Передо мной сразу всё померкло от огорчения. Как! мало того, что ей дали самую плохую комнату в общежитии – маленькую, сырую, холодную – к плесени, к холоду и неустройству еще присоединится болтливая и глупая старуха Блюм! Я когда-то не хотела хлопотать о комнате для NN на Жуковской (бывшая Афиногеновой[337])), потому что та комната большая, хорошая, и туда непременно кто-нибудь вселится. И вот, на 5 метров, А. А. сама себе вселила… А еще на днях говорила, что не пойдет жить с Е. В., так как хочет быть одна[338].
Я побежала плакаться в жилетку Штокам. Их я застала в ярости. Они посоветовали мне зайти к Левину[339]. Пошла. Он встретил мои слова очень сочувственно, но сказал, что ничего не может поделать, что он не имеет права вселить Блюм в комнату к m-me Нович (36 метров!) или m-me Саргиджан (30 метров!) и посоветовал мне обратиться к Алимджану – чтобы тот как-нибудь, поговорив с мадамами и самой Блюм, полюбовно уладил этот вопрос[340].
Я вернулась к А. А. Блюм внесла постель – на пол – и чемодан. Говорила о конфетах, которые у нее украли. Глупость ее равна только ее болтливости. В улыбке есть что-то льстивое, жалкое и цепкое одновременно. Монолог:
– Союз Писателей ничего не хочет для меня сделать. А между тем, я ведь жена члена союза – одного из самых первых членов союза, к тому же. Фамилия моего мужа ведь начиналась на Б, и он всегда стоял в списке первым…
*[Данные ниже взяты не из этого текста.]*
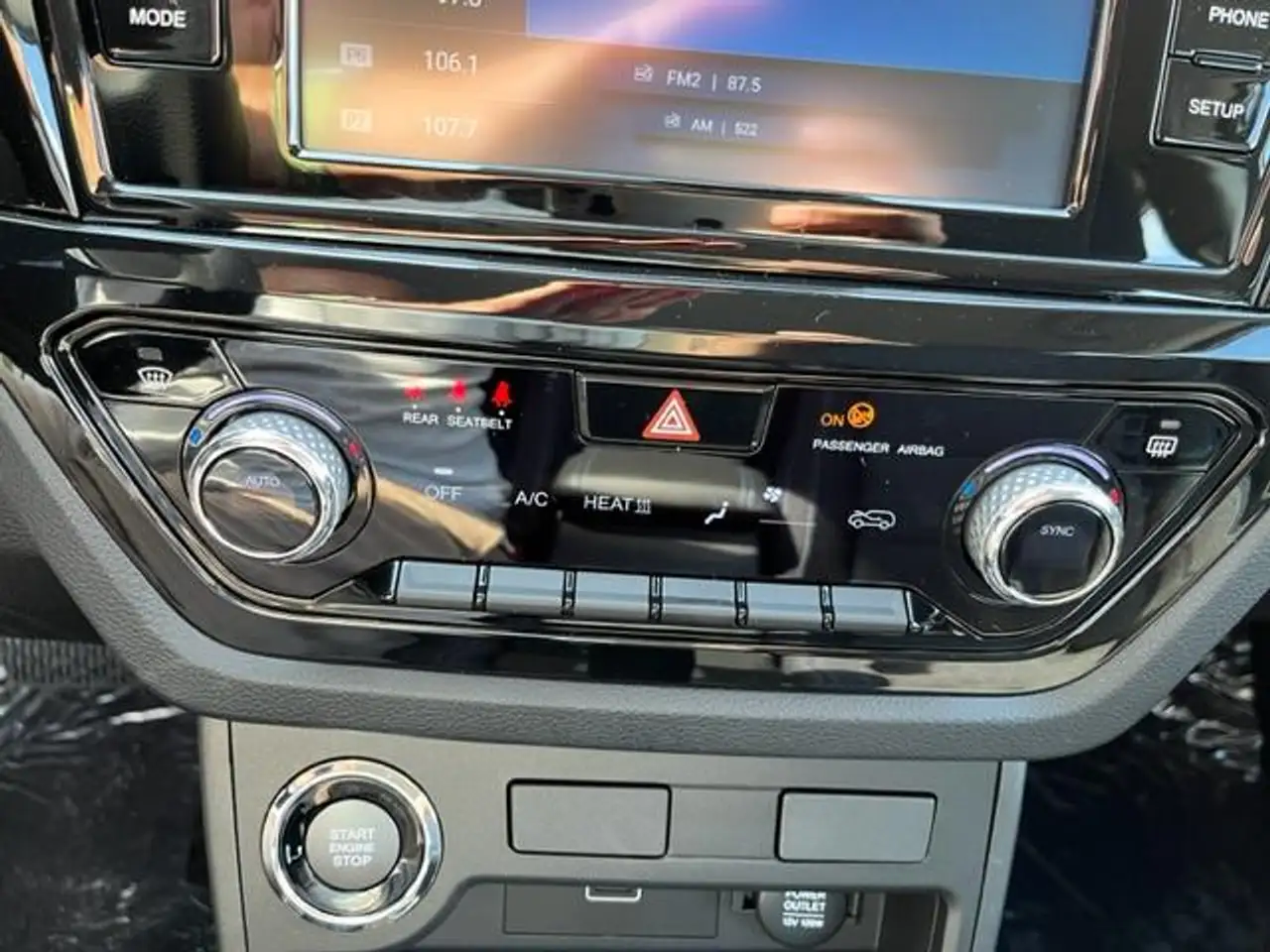 SsangYong Korando eMOTION BRONZE +WÄRMEPUMPE+ALLWETTER+ — Vehicle gallery 17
Когда она вышла, и NN снова вызвала меня на разговор, и я сказала несколько сердитых слов, я получила такую отповедь:
– «А я думаю, А. К., вы должны радоваться тому, что я не могла равнодушно пройти мимо этой старухи и ничем не помочь ей…»
Я смирилась, то есть не стала ей возражать, но как это нехорошо с ее стороны! Старушка не из тех, кто пропадает… И почему она не думает обо мне нисколько? Ведь ее комната – мое единственное прибежище.
Заговорили о другом.
– «Вчера на улице Костя Липскеров учинил мне скандал: зачем я сказала Тихонову, что ему, Липскерову, не нравится моя поэма? А дело тут вот в чем: Тихонов, очевидно, где-нибудь в high life'ncTOM месте об этом упомянул – у Пешковых или у Толстых – Костя же там вращается и страшно этим гордится, думая, что эти дамы и в самом деле высший свет, в то время как…
Я ему ответила: – Голубчик, я не пойму, если это не секрет от меня, то от кого же еще это может быть секретом? А если хотите ругаться – идемте ко мне в комнату, здесь холодно…
Он пошел, но не ругался, а оправдывался (видно уж Толстой при дамах его пристыдил!): «мне поэма понравилась, только я не хотел, чтобы в вашем творчестве было что-нибудь литературное»».
Скоро я ушла.
Сегодня забежала к ней с утра. Она еще лежала. Поднялась, затопила печь, напоила меня крепким вкусным чаем. И я, собравшись с духом, решилась заговорить о главном пункте: о переписке поэмы и пр. Я уже несколько раз приносила к ней бумагу, и перо и чернила для переписки – и она всё уклонялась. Сегодня я решила спросить в упор. И получила очень ясный и обоснованный отказ. Тогда я сказала:
– Но согласитесь, NN, как-то это препятствие преодолеть необходимо. Время военное. Вдруг пропадет единственный экземпляр, вдруг мы расстанемся с вами, и я не успею…
Тогда она предложила, что сама перепишет поэму и отдаст мне экземпляр на сохранение.